BTC is driven by little to no fundamental data. Its exchange rate is subject to pure mass psychology which is why it repeatedly goes through boom and bust cycles. This is not going to stop unless something like a real BTC economy of non-trivial size develops. But I think it very unlikely for this to happen for the aforementioned reason of volatility and the fact that BTC is by design deflationary. BTC's deflationary properties would choke off any such economic system that is based on this crypto currency.
All in all, I am of the opionion that BTC is an interesting experiment and a case study in speculative behaviour. The difference compared to former manias (see [1] for historic examples) is that in BTC the process plays itself out at an extremely accelarated pace. Maybe this is even what the creator(s) intended. Maybe they created a purely electronic ecosystem of speculative behaviour to be able to study and better understand the phenomenon of financial bubbles. This would certainly explain the 'Satoshi' entity's non-interference.
[1] http://en.wikipedia.org/wiki/Extraordinary_Popular_Delusions...
I guess the closest 'real' currency examples would be something like http://www.xe.com/currencycharts/?from=ZWD&to=USD&view=10Y
I believe that what is pushing Bitcoins value is that many people call it "the credit card of the 21st century" and they are buying bitcoins as shares of the next Visa.
EDIT: as wildgift said, there is no insurance in Bitcoin yet, but I'm sure that if Bitcoin starts being really popular we are going to start seeing online wallets with insurance provided by big corporations. CCs (as a technology) don't include insurance either...
That's what's different with Visa - there's an element of insurance with a credit card, and that is greater than what you get with a bank's checking account.
The insurance of being able to cancel a check is what you get with a regular checking account, and that's greater safety than what you get with bitcoin.
Of course, there's a price to this insurance, and it's the fees, which are much higher than what you pay for bitcoin transactions.
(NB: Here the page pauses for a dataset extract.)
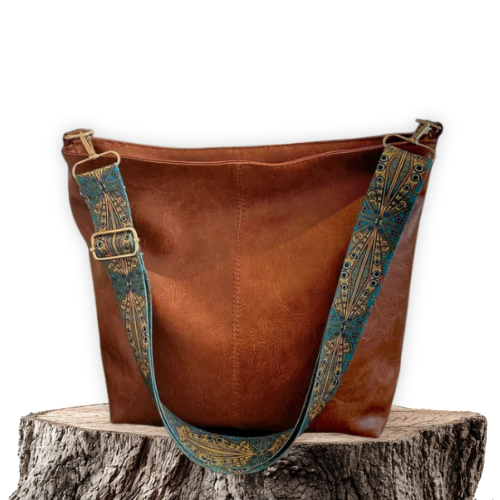 Marian™ | Borsa a tracolla in pelle vintage di alta qualità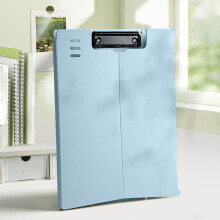 Folding Standing Clipboard with Low Clip 13.4x9.4 Inches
Most of the people of the world can't really save either. Cash loses value over time, gold is hard to validate and keep safe, and is even banned in lots of places. Bitcoin to the rescue! Now everyone can start saving, and even be rewarded for that.
I could go on all day long, the benefits are endless. Just live in a shitty country for some time and you'll figure it out pretty fast.
Yeah cause internet access and a modern computer are waaaaay more common than bank accounts or prepaid credit cards....
According to wolfram alpha, there are 1.871 billion children age 15 or younger: http://www.wolframalpha.com/input/?i=population+under+15
Those 1.871 billion children literally determine the future. And all of them can currently use bitcoin for buying anything available via bitcoin. That includes Humble Bundles, for example, not just drugs. Though admittedly they'll still just pirate most videogames rather than buy them. But they won't be able to pirate MMO's, and it's a matter of time before MMOs begin accepting bitcoins.
Digging around, I found they're almost equal actually, and cellphone users vastly outnumber bank account holders (cell phone users exceed toilet access !!!).
50% of adults worldwide have an account at a formal financial institution.
60% of adults worldwide have internet access, with 39% having home internet access (the remainder having shared or limited internet access).
80% of adults have cell phone access.
Sources:
http://econ.worldbank.org/
http://en.wikipedia.org/wiki/Global_Internet_usage
http://www.gallup.com/poll/159815/home-internet-access-remai...
newsfeed.time.com/2013/03/25/more-people-have-cell-phones-than-toilets-u-n-study-shows/
So 1 new Bitcoin = 0.001 old Bitcoins = $0.3
I think I'd like that more than just starting naming them something else all of the sudden, and call them Satoshis or whatever, and then when the Bitcoin reaches $10,000 we'll probably have to use new names yet again.
Cutting the zeros could be a little confusing at first, but I think less confusing than starting talking about Satoshis, or mCoins or whatever, all of the sudden.
I think it's not something that can be mandated. A new terminology will naturally arise if the need is genuine.
Right now, advertising a computer at 3 bitcoins is not practical. The value of those bitcoins change to fast.
Only if you're seeing the "real" value as the USD. No-one says "$100 is meaningless because its conversion to Thai Baht varies so wildly".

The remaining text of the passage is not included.